▸ DATA PROVIDED:
▬▬▬
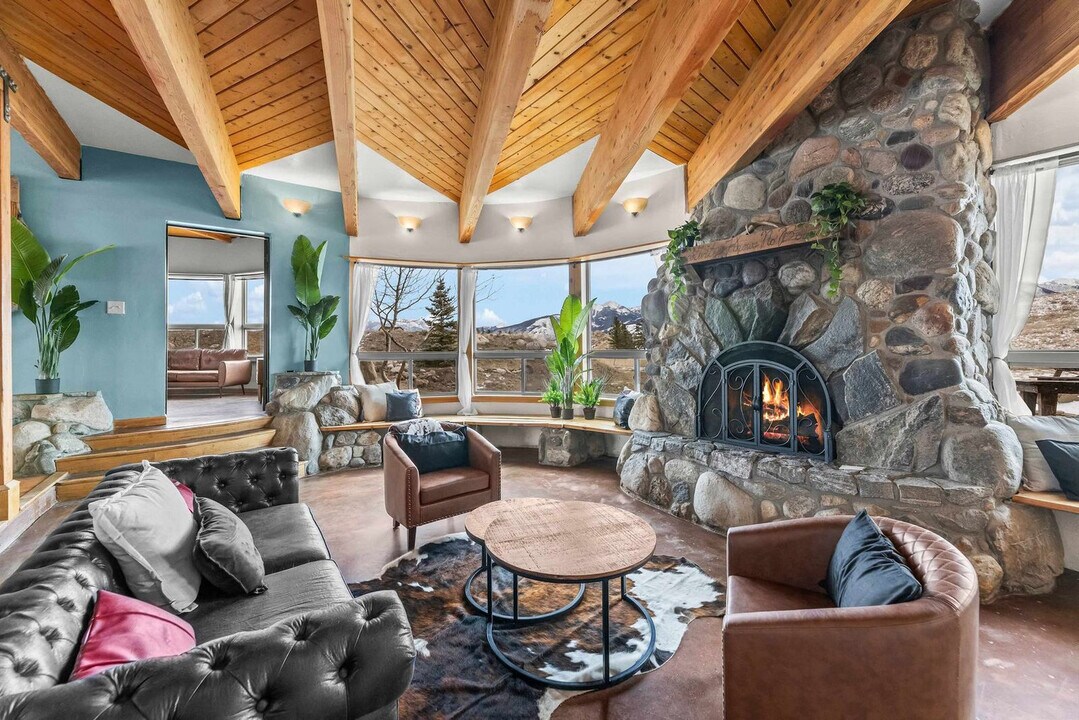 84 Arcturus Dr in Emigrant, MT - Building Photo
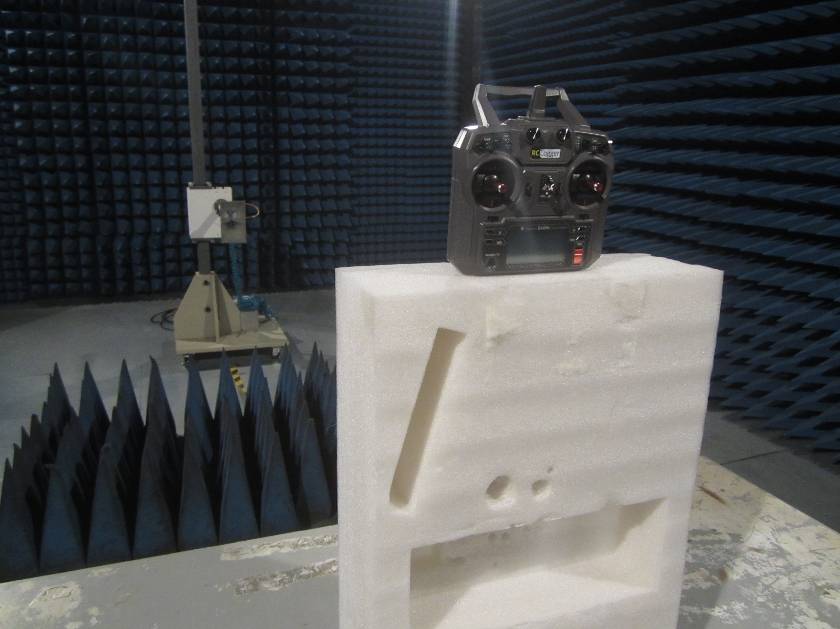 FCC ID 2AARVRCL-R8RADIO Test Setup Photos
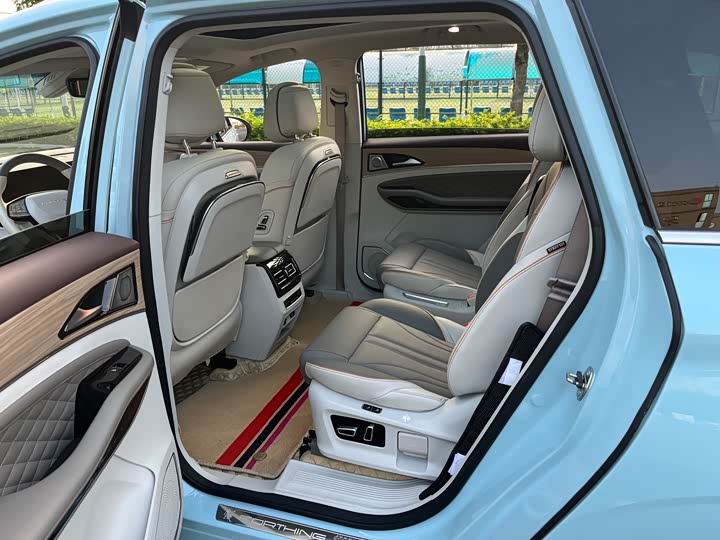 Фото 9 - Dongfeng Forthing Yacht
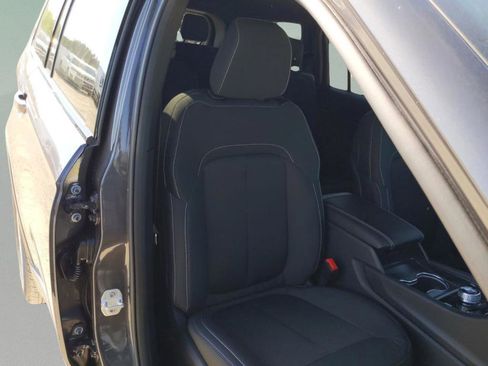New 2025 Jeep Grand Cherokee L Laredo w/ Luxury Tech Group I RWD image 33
▬▬▬
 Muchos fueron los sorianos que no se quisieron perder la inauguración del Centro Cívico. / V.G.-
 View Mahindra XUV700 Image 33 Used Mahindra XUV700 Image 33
▬▬▬
Give the exact lines, and only those, from the line containing "Muchos fueron los" through the line containing "View Mahindra XUV700" in the entries above.

▸ EXPECTED OUTPUT:
 Muchos fueron los sorianos que no se quisieron perder la inauguración del Centro Cívico. / V.G.-
 View Mahindra XUV700 Image 33 Used Mahindra XUV700 Image 33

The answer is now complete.